И действительно, на призовую дорожку вслед за девятью рысаками выехала маленькая машина, похожая на «фиат-600».
В соседней ложе заволновались:
— Кто на Запорожце?
— Наездник Флавио.
— Флавио? В него я верю. Может, поставить?
— Против Женевьевы у него нет шансов. Смотрите, как проходит Женевьева. Битый фаворит.
— А вдруг Женевьева заскачет? Я все-таки поставлю на Запорожца.
— Вы старый игрок, а рассуждаете, как мальчишка. У русских машин слабые моторы. На бетонной дорожке у Запорожца были бы какие-нибудь шансы, а на гравии — ноль. Скорее придет Трибун. Смотрите, как лихо идет этот жеребец! Причем наездник еще его сдерживает.
Я послушал их разговоры и тоже побежал к кассе ставить на Запорожца. Не то чтоб я в него верил, но уж такой характер — играть против фаворитов.
Дали старт. Бег повела Женевьева, за ней держался Трибун. Так прошли полкруга. Но вот справа стал вырываться Запорожец. Вот он обошел лидеров на корпус, на два корпуса, один, идет один, его никто не достает! Последняя прямая! Ну!

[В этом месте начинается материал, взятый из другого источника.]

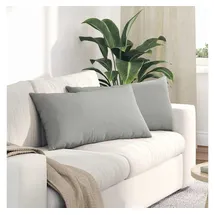 vidaXL Sofakissen 80 x 40 cm Hellgrau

— Кажется, приехал! — завопил темпераментный господин из соседней ложи, который тоже поставил на Запорожца. — Давай, милый! Только бы не заскакал!
И словно он накликал! Запорожец в десяти метрах от финиша вдруг сбился в галоп и так и прошел — галопом в столб! Плакали мои денежки!
Первой объявили Женевьеву. А этот кретин Сильвестре с глупой ухмылкой спрашивает меня:
— Вы не заметили ничего сверхъестественного?
— Как не заметил! — заорал я. — Любой сопливый мальчишка заметил. Ну как он мог заскакать? Как, спрашиваю?! Ему кто-нибудь мешал? Кто-нибудь сбивал? Ведь рядом никого не было! Флавио сделал нарочно. Конюшня играла на Женевьеву, поняли? Им невыгодно было, чтобы пришел Запорожец. Грубая работа. Все заметили. Ипподром их освистал. Слышите?
Возвращались мы с бегов какие-то смурные. Я был раздосадован, что проиграл все деньги, а Сильвестре, кажется, тоже был чем-то опечален.
На перекрестке бульваров Конкистадора и Рио-Гранде мы остановились.
— Значит, вы не верите в чудеса? — тихо спросил меня Сильвестре.
— Какие еще чудеса? — переспросил я, поглощенный своими мыслями.
— Ну, например, дома начнут сейчас прыгать.
— Понял, — сказал я, — вы вчера перехватили. С перепоя, да? Бывает! Ну как дома могут прыгать, подумайте!